First, the just community in community justice is inclusive of all residents in a defined geographic area. Second, just care is care for whole persons both sick and well, including measures addressing the social determinants of health. Third, just participation entails the effective voice of community members such that they are enabled to express their perspectives and engage with others to create “the social meanings, institutions, and conditions necessary for just (whole person)… care.”

Importantly, community justice is not a utopian ideal; various expressions of its elements are found in current health policies, programs, and activities. Community governing boards of community health centers embody just participation as effective voice; efforts targeting just whole person care are present in hospital community health needs assessments; and the promotion of inclusive communities is the central work of many community health advocacy groups.

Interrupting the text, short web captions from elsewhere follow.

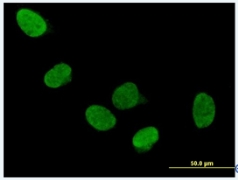 Immunocytochemistry/ Immunofluorescence - Anti-DDX5 antibody (AB92917)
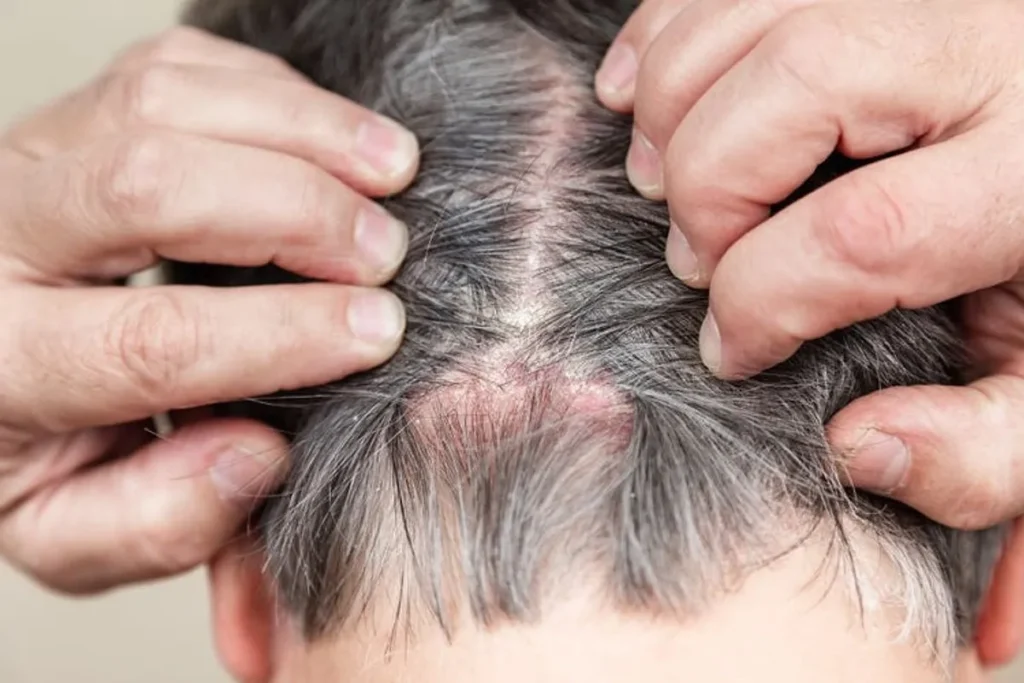 Boil On Head Under Hair: Quick Easy Cures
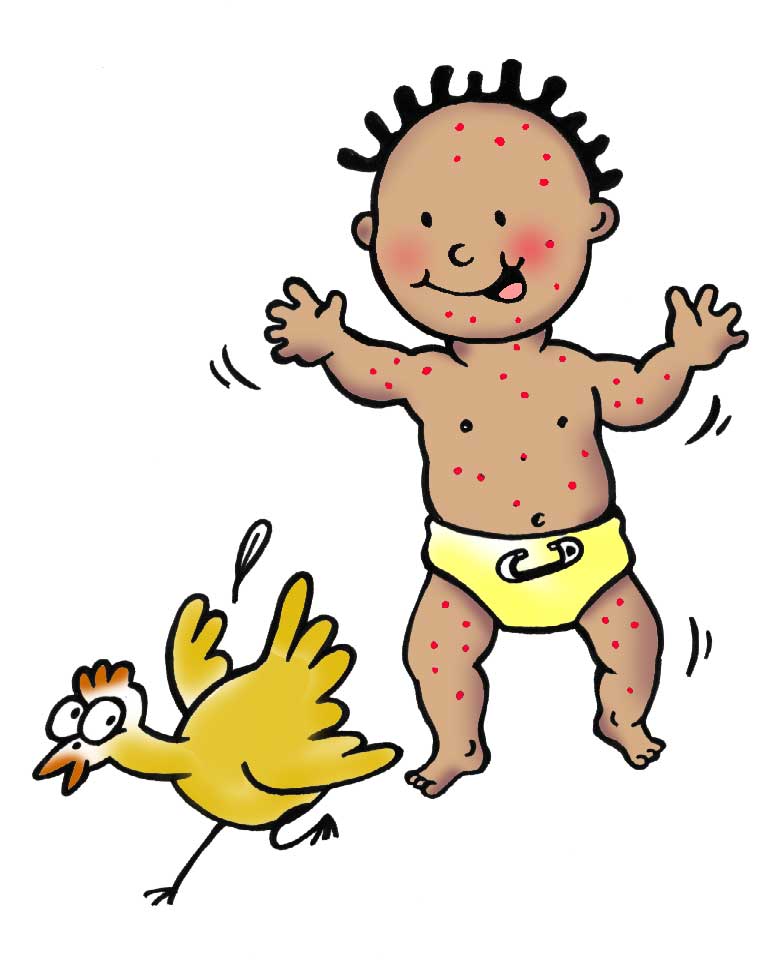 769x980 Chicken Pox Clipart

Community justice invites health justice to deepen its embrace of community by asking, for example, how might health justice engage health as a community good, and how might communities participate in creating the meanings of health justice? In this way, health justice expands its embrace of the social and specifically community nature of health and health care.

Charlene Galarneau, PhD, MAR, is Senior Lecturer in the Department of Global Health and Social Medicine and Faculty Member for the Center for Bioethics at Harvard Medical School; and Associate Professor Emerita in the Women’s and Gender Studies Department at Wellesley College.